» **YOUR TASK**
Go through the listing below, and from the line containing "FiiO JT7 foldable" through its last line, transcribe every line exactly, skipping pictures.

» **AVAILABLE DATA**
========================================

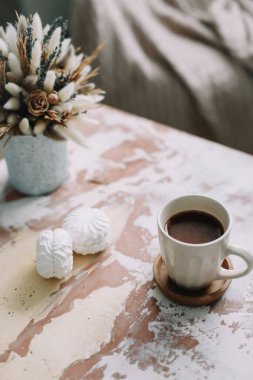 Çiçekli kahve fincanı. Kaliteli düz yatak. Ev dekorasyonu. Samimi sıcak görüntü, hygge biçimi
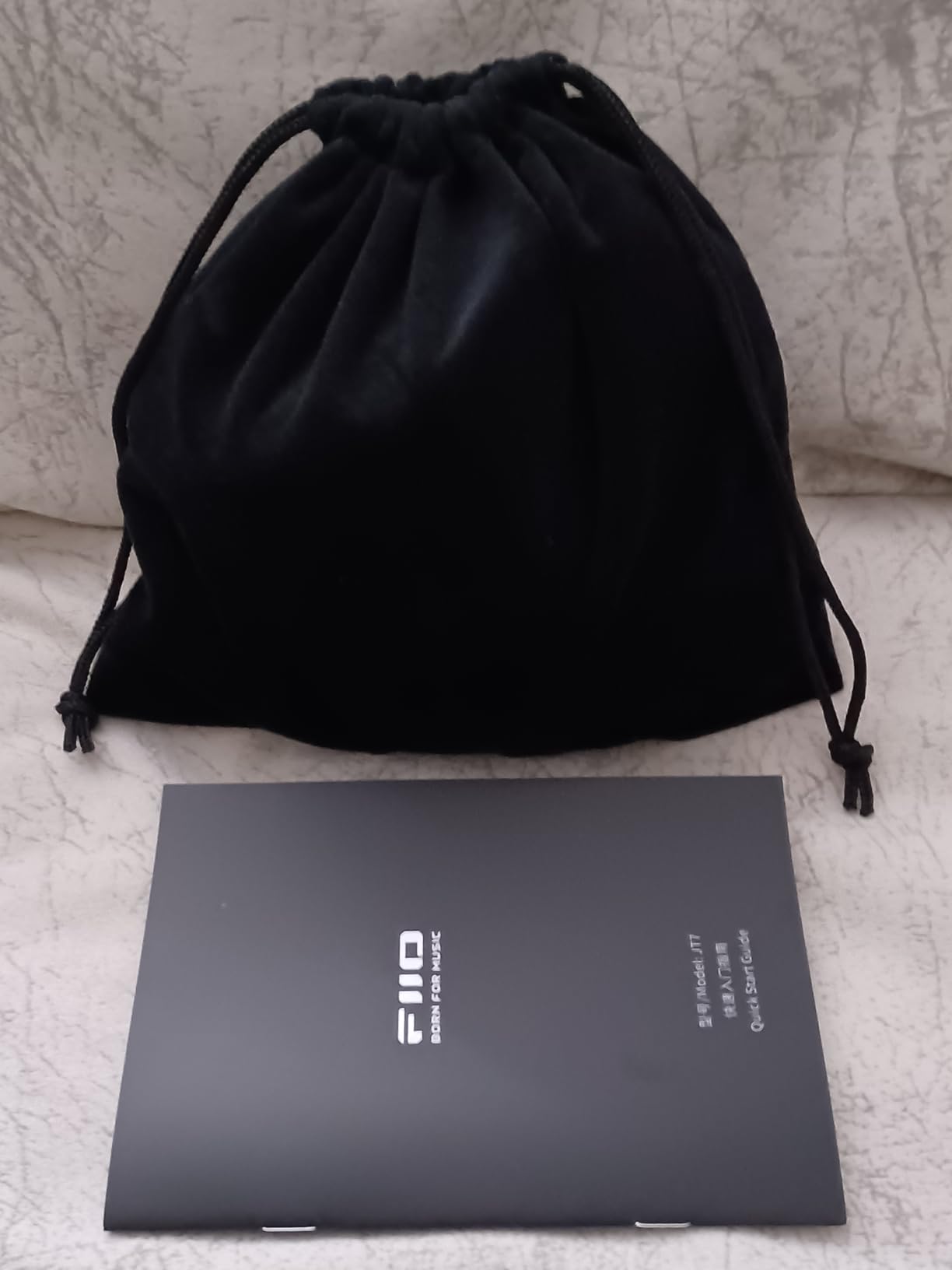 FiiO JT7 foldable planar magnetic headphones showing compact design and adjustable headband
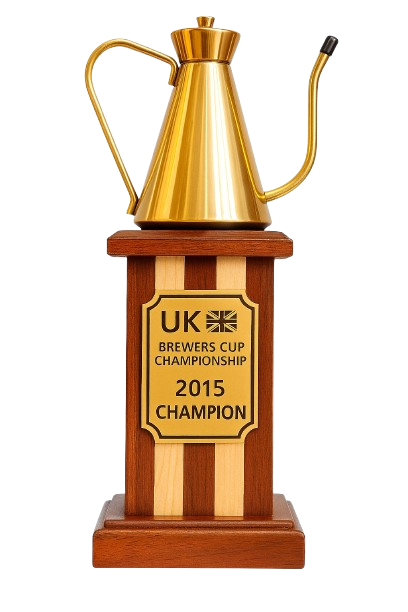 Trophy with a gold pitcher on a wooden base, awarded for UK Brewers Cup Championship 2015 Champion.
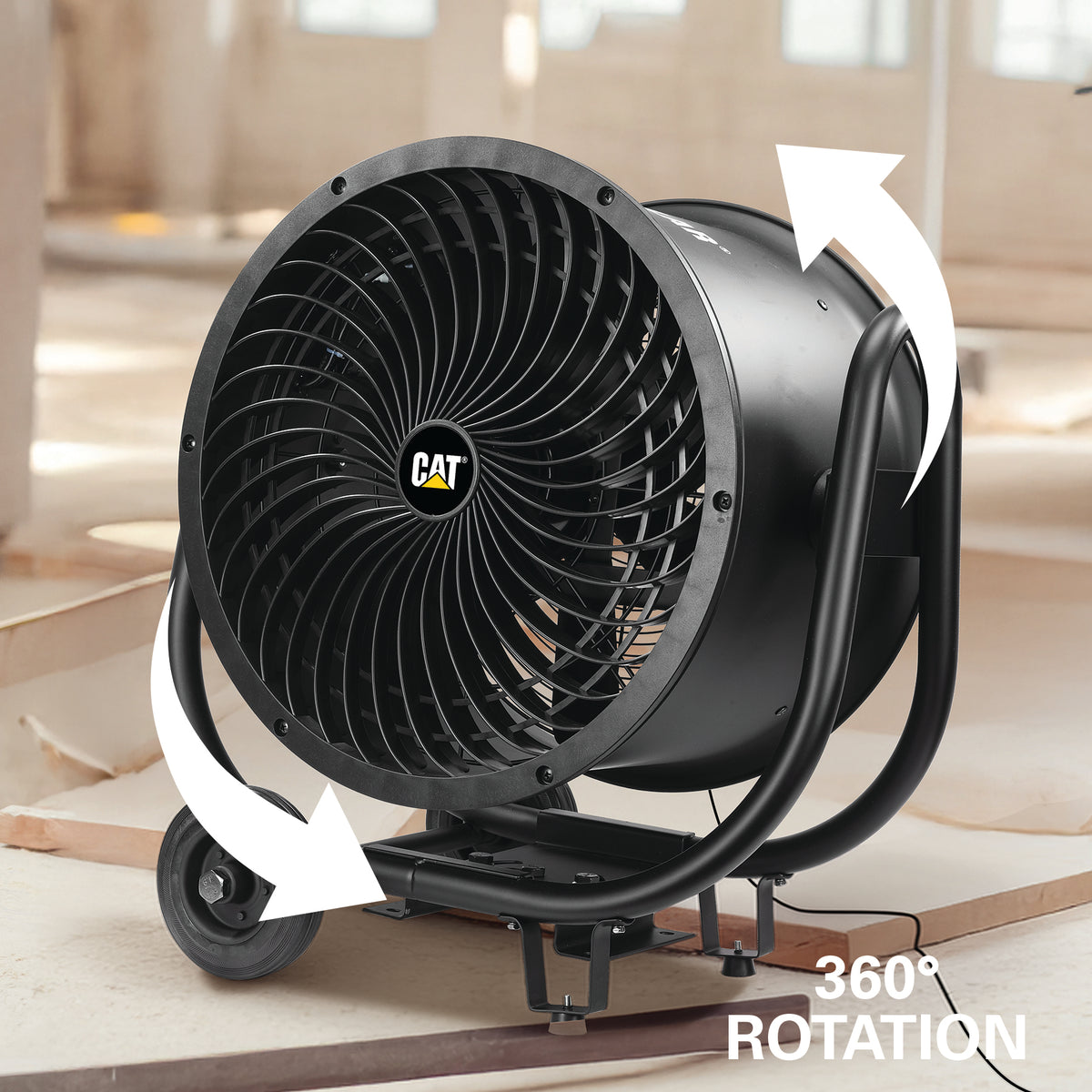 A large black CAT industrial blower fan with white arrows showing 360° rotation, photographed in a workshop-like setting.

========================================

» **REPLY TO THE EXERCISE**
 FiiO JT7 foldable planar magnetic headphones showing compact design and adjustable headband
 Trophy with a gold pitcher on a wooden base, awarded for UK Brewers Cup Championship 2015 Champion.
 A large black CAT industrial blower fan with white arrows showing 360° rotation, photographed in a workshop-like setting.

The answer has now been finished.